As I understand it, there is a large difference between owner maintenance in Canada and in the US. If I'm not mistaken, in Canada, an owner can do all, or a large portion of the maintenance of an airplane, but the airplane then becomes forever, a "owner maintained" airplane, even after it's been sold to a different owner. In the US, there is no such program for certificated aircraft. The owner/pilot may do what is referred to as "preventative maintenance" which includes such minor items as changing oil, changing tires, filters things of that nature, everything else must be accomplished by a certificated mechanic. Doing An owner-maintained airplane is legal in Canada, too (although it lowers the resale value),"preventative maintenance" on an aircraft doesn't change it's status.
The only thing we have in the US which would be analogous to the Canadian owner maintenance concept is that builders of home built experimental category aircraft may do the maintenance and inspections on that aircraft.
Interesting, A^2. Maybe an American could find a good deal in a Canadian "owner maintained" a/c and import it. The Feds would probably give it a std. airworthiness with the std. inspection.
And thanks for explaining the US/CN differences so well. I had a post in the window much less good and abandoned it, because I dimly understand US part 135 requirements, let alone the Canadian equivalent. Oddly, my post also used the word "analogous", which I remember because I had trouble spelling it.
A Squared, thanks for expanding on the owner-maintained program. I'll add than in Canada there are tasks a pilot can do herself, called "elementary work" and listed in the CARs. Only the tasks listed there may be done. They include changing the oil and tires, making small fabric patches and winterizing/dewinterizing the intake baffles. A private owner can just do them. In my operation I can do them if a signed record of receiving training on that item from a licenced engineer is in my personnel file. I'm currently signed off for lightbulbs and fuses, and for reconfiguring the cabin at this company.

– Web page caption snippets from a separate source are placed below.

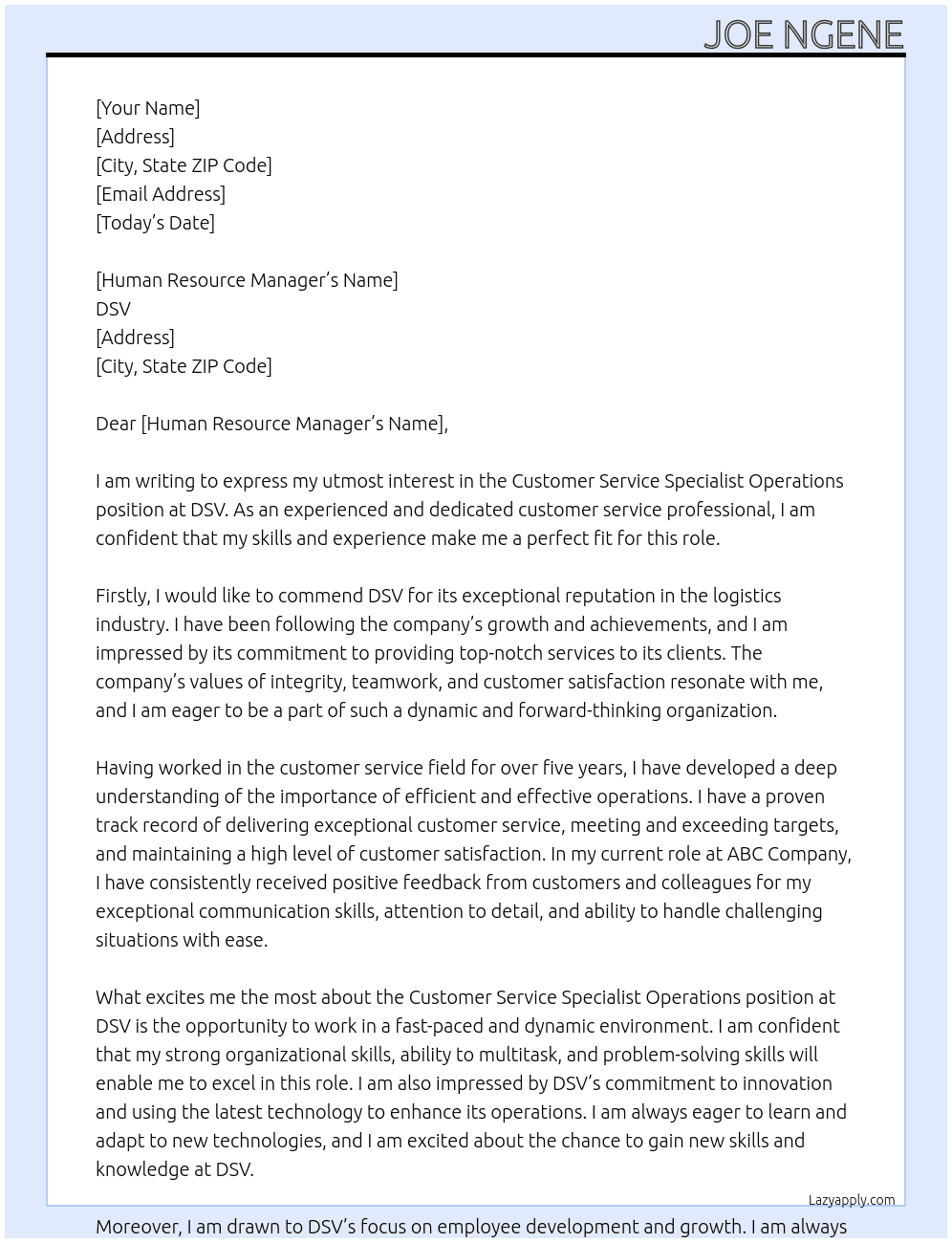 customer service specialist operations At dsv Cover Letter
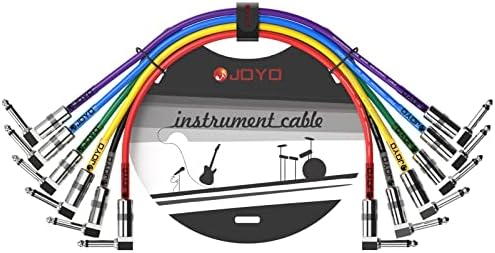 JOYO Patch Cables 1.2ft for Bass Guitar Effect Pedal Professional Guitar Patch Cords 1/4 Inch (CM-05, 6 Pack)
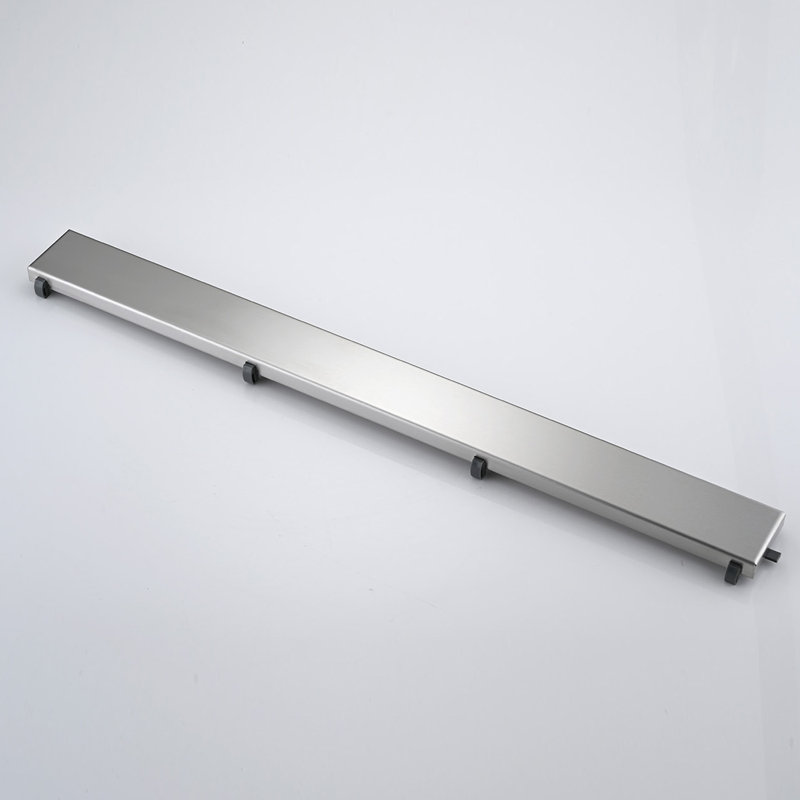 Linear Shower Drain With Leveling Feet, Brushed Nickel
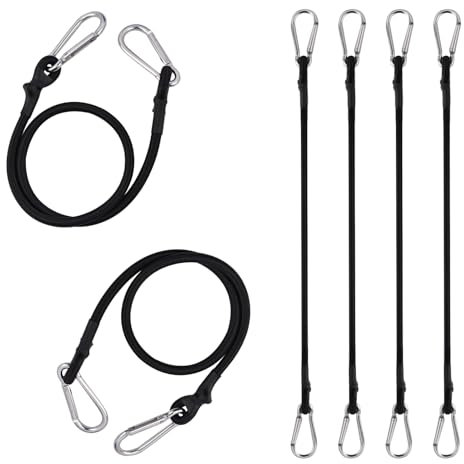 FOGAWA Lot de 6 Tendeurs Elastique 60cm avec Mousquetons, Cordon Élastique Robuste, Tendeurs Elastique avec Crochets, pour Camping, bâches, Porte-vélos, Tente, Voiture et Motos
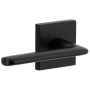 Viaggio Motivo Left Handed Solid Brass Passage Door Lever Set with Brezza Lever and Quadrato Leather Backplate - 2-3/8" Backset Satin Black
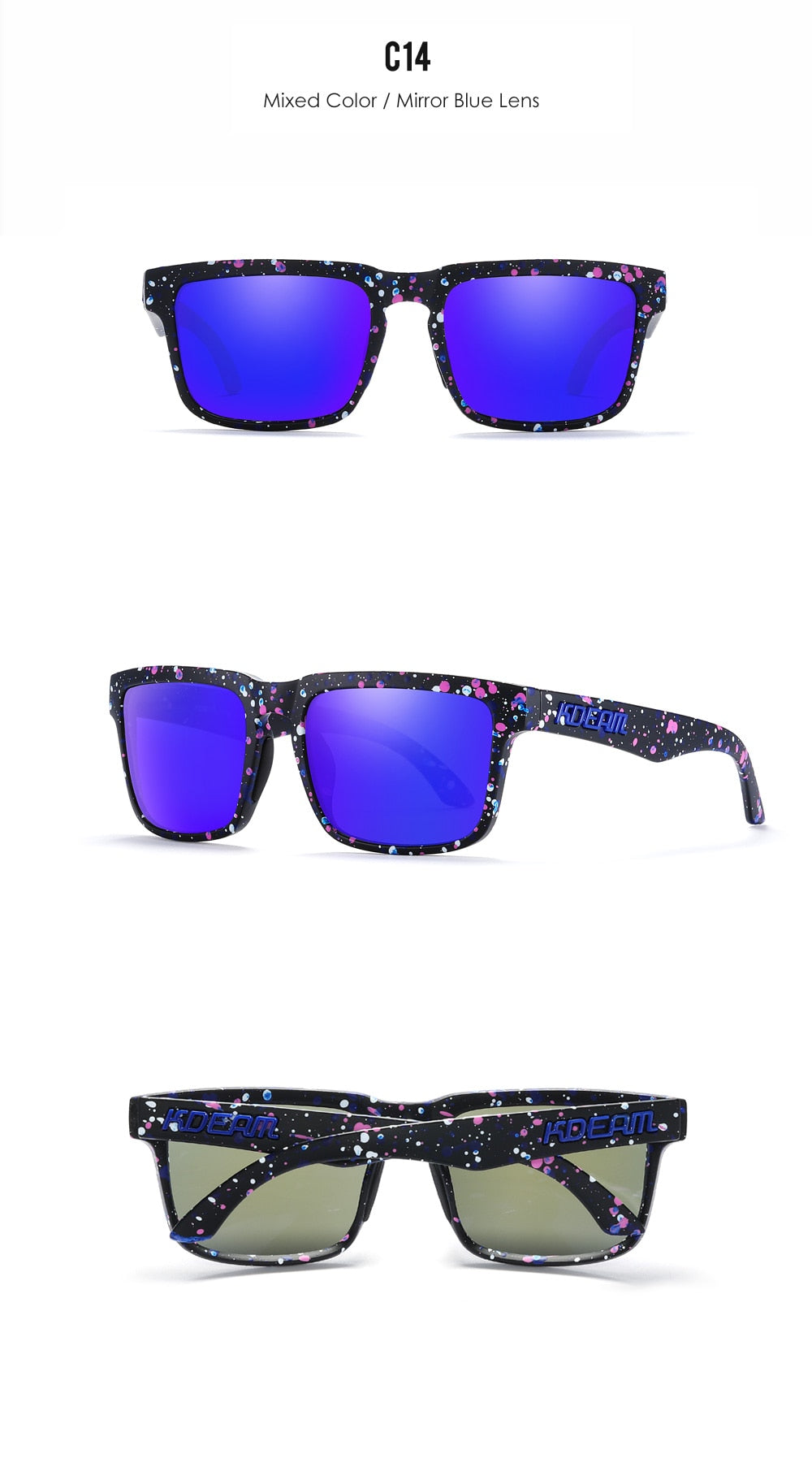 KDEAM Ultra-Stylish Square Polarized Sunglasses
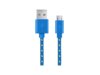 Kabel USB ESPERANZA Micro USB 2.0 A-B M/M OPLOT 1,0m | niebieski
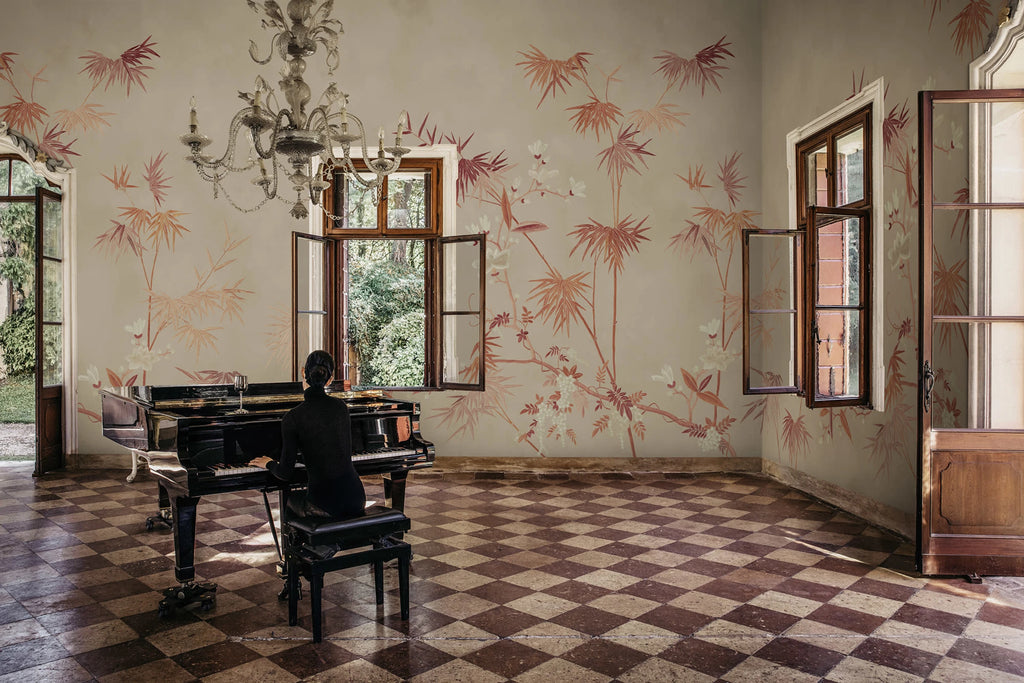 Bamboo Grove wallpaper by Sandberg – chinoiserie design, Beige – Clay – styled in a room setting, view 2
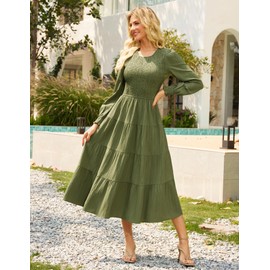Dresses for Women 2025 Elegant Classy Midi Dress Elegant A-Line Dress Long Sleeve Tiered Dresses with Pockets Army Green L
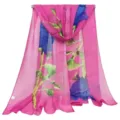 Elegant pink chiffon scarf for women featuring a vibrant blue floral print pattern - 155x50cm / Rose Red Tulip
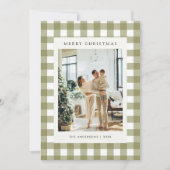 Classic Olive Gingham Plaid 5 Photo Christmas シーズンカード (正面)
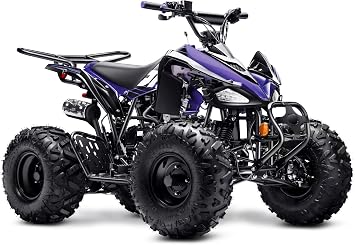 Gas 125cc ATV for Kids & Youth Age 10+ Gas Powered 4 Wheeler with Reverse & Headlights - Big Off-Road Tires Blue, Fully Assembled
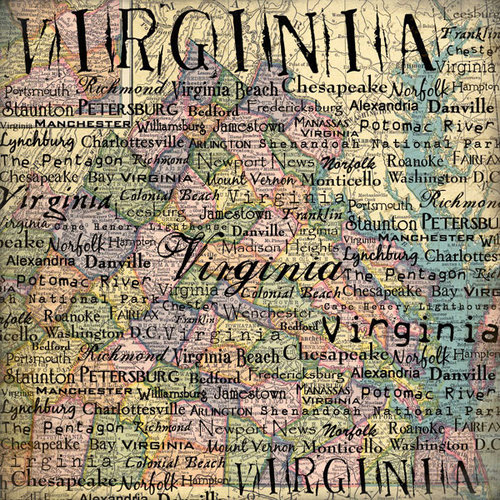 Scrapbook Customs - United States Collection - Virginia - 12 x 12 Paper - Map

The "elementary" list looks very similar to the list of "preventative maintenance" items I was referring to in the U.S. FARs. I realize that it probably makes a difference as to whether the airplane is used for private or commercial use (and that there are probably more Canadian vs U.S. nuances there). Still, if its legal for the company to certify you (or other pilots) to perform certain items on that elementary list, then perhaps others could be added (going back to my oil change idea).
...I'm not implying that you'd *want* to do that, however :) ... that said, its the kind of thing I enjoy doing as an owner/pilot for 'fun' and to know my machine, but I imagine its all different when its your job.
Nothing that is not on the regulatory list can be added, so while yes, I could be certified to change the oil unsupervised, I can't be certified to do the inspection that is required at the same time.
At the time I was hired the company was advertising for a pilot-engineer, so that the pilot could do field inspections, but they didn't find a suitable candidate.
Is "engineer" versus "mechanic" a company thing, or a Canadian vs. American thing?
I have to admit, I wince at the use of the word "engineer," since I used to work at an engineering company, where an "engineer" was always a provincially licenced Professional Engineer.
Still, I suppose either will kill people if they don't do their jobs right.
Their licences designate them Aircraft Maintenance Engineers, so while it's not the same as the guy who signs construction drawings, it is the right word. It's just a heavily overloaded word, also used for people who drive trains. I have the idea, but I'm not certain, that "mechanic" is not appreciated by the certificated folk.
I try to avoid "AME" on the blog without context, because in many countries that's a doctor. So you see me use 'mechanic,' 'airplane fixer' 'maintenance folk' and 'engineer' kind of interchangeably. At an actual maintenance unit I'll call the guys and gals 'AME' or 'apprentice' as appropriate, but I'm not beyond calling them "people who knows how to take my airplane apart and put it back together with hardly any pieces left over."